4.14 Voor rechtsverwerking is vereist de aanwezigheid van bijzondere omstandigheden als gevolg waarvan hetzij bij de schuldenaar het gerechtvaardigd vertrouwen is gewekt dat de schuldeiser zijn aanspraak niet (meer) geldend zal maken, hetzij de positie van de schuldenaar onredelijk zou worden benadeeld of verzwaard in geval de schuldeiser zijn aanspraak alsnog geldend zou maken (HR 24 april 1998, NJ 1998, 621).
4.15 Alvorens definitief te oordelen omtrent het beroep van [geïntimeerde] op rechtsverwerking wenst het hof te beschikken over de brief van 29 november 2000 van [geïntimeerde] (genoemd in de conclusie van antwoord in conventie onder 6). Het hof zal [geïntimeerde] op de voet van artikel 22 Wetboek van Burgerlijke Rechtsvordering opdragen deze brief in het geding te brengen. Partijen zullen in de gelegenheid worden gesteld zich uit te laten over de vraag of tegen de achtergrond van het onder 4.14 overwogene, mede gelet op de brief van 29 november 2000, sprake is van rechtsverwerking aan de zijde van [appellant].
4.16 Het onder 4.2-4.15 overwogene brengt mee dat de vordering in conventie, mits de beoordeling van de onder 4.11 en 4.15 aangegeven kwesties in voor [appellant] gunstige zin zal uitvallen, toewijsbaar is.
4.17 Voor het geval dat de vordering in conventie inderdaad voor toewijzing vatbaar zal blijken te zijn, zal het hof reeds thans ingaan op de vordering van [geïntimeerde] in (voorwaardelijke) reconventie tot betaling van een bedrag van € 48.000,-- vermeerderd met wettelijke rente.

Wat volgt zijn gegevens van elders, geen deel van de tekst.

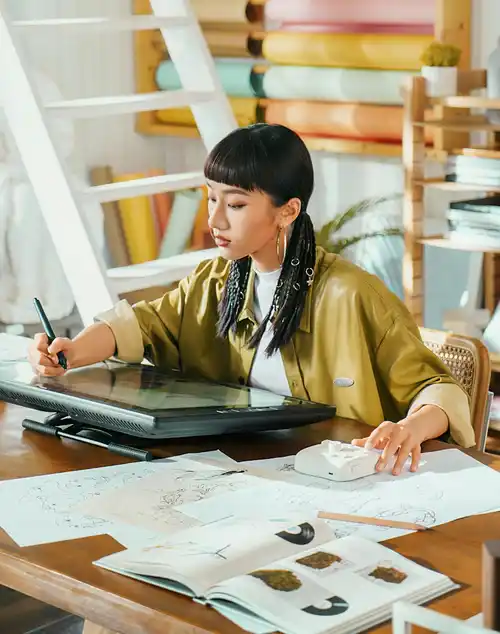 A designer drawing on a pen display in a bright studio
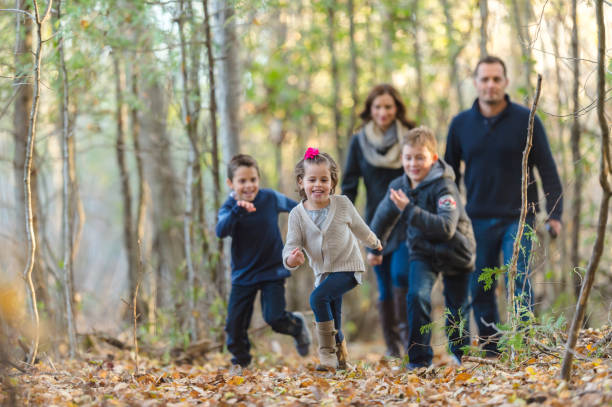 istock Family hiking through the woods 1083556588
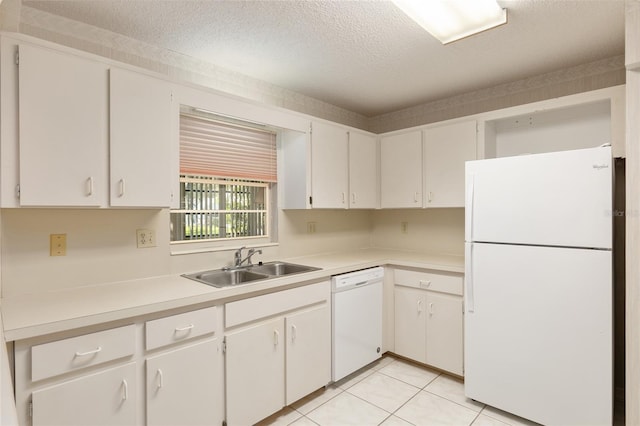 kitchen featuring white appliances, sink, light tile patterned flooring, a textured ceiling, and white cabinetry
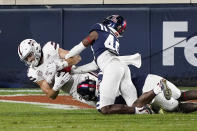 Mississippi State wide receiver Austin Williams (85) lunges past Mississippi defenders to catch a 7-yard touchdown pass during the second half of an NCAA college football game, Saturday, Nov. 28, 2020, in Oxford, Miss. (AP Photo/Rogelio V. Solis)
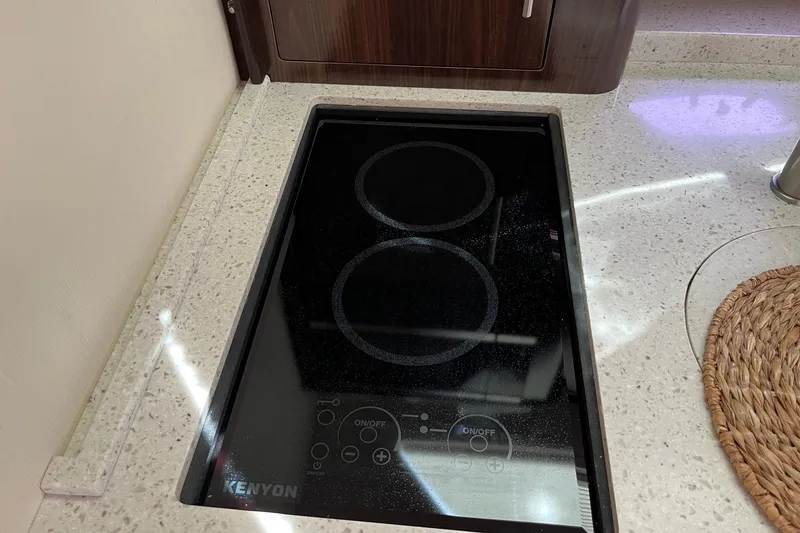 Slide: The Image of Kenyon electric cooktop on 2018 Regal 35 Sport Coupe yacht kitchen counter. - 42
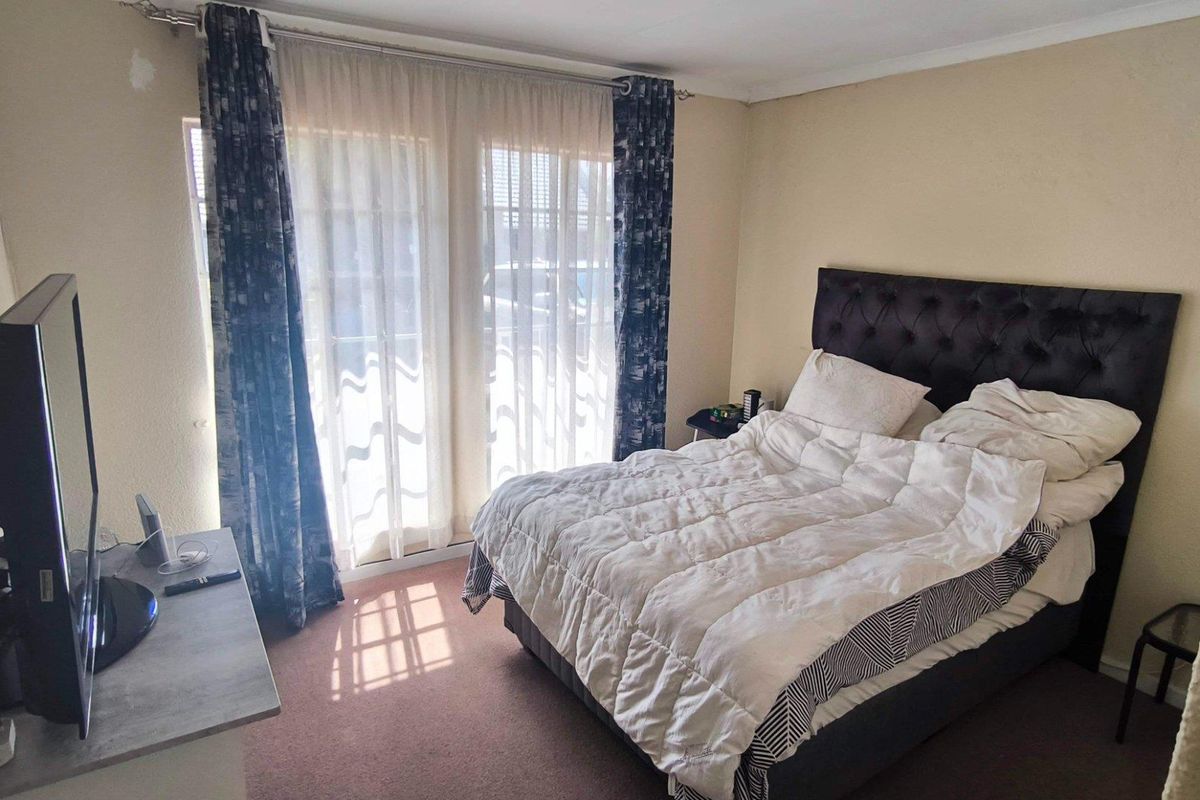 A bedroom featuring carpeted flooring and a sliding glass door providing natural light, with some minor wall surface wear visible.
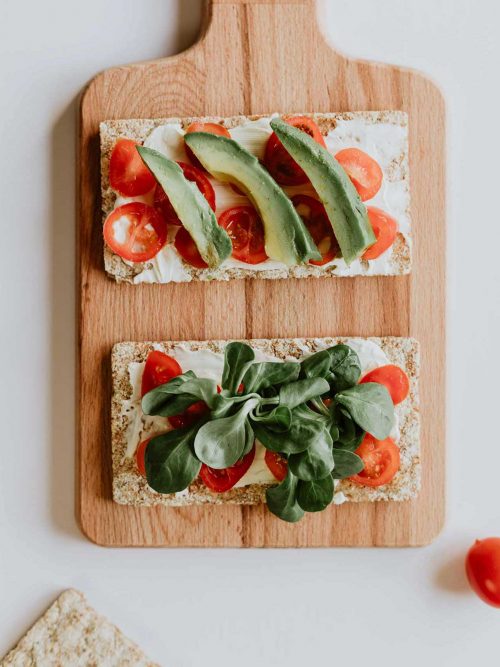 Avocado toast with fresh basil and cherry tomatos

Deze vordering is op grond van artikel 7:322 lid 1 Burgerlijk Wetboek niet voor toewijzing vatbaar: nu (ook als de vordering in conventie wordt toegewezen) geen sprake is van een door de grondkamer goedgekeurde pachtovereenkomst, kan [geïntimeerde] niet met succes een rechtsvordering tot betaling van de pachtprijs tegen [appellant] instellen.
Slotsom
[appellant] zal in de gelegenheid worden gesteld tot het overleggen van de brieven van 16 en 18 januari 2002. [geïntimeerde] zal gelijktijdig in de gelegenheid worden gesteld de brief van 29 november 2000 in het geding te brengen. Beide partijen zullen vervolgens in de gelegenheid worden gesteld tot gelijktijdige uitlating als onder 4.11 en 4.15 aangegeven. Iedere verdere beslissing zal worden aangehouden.
Het hof, recht doende in hoger beroep:
verwijst de zaak naar de roldatum 24 maart 2009 voor het overleggen van stukken door [appellant] als omschreven onder 4.11 en door [geïntimeerde] als omschreven onder 4.15 en naar de roldatum 21 april 2009 voor gelijktijdige uitlating door partijen als onder 4.11 en 4.15 aangegeven;
houdt verder iedere beslissing aan.
Dit arrest is gewezen door mrs. W.L. Valk, M.M. Olthof en H.L. van der Beek en de deskundige leden mr. ing. J.A. Jansens van Gellicum en ir. H.B.M. Duenk en is in tegenwoordigheid van de griffier uitgesproken ter openbare terechtzitting van 24 februari 2009.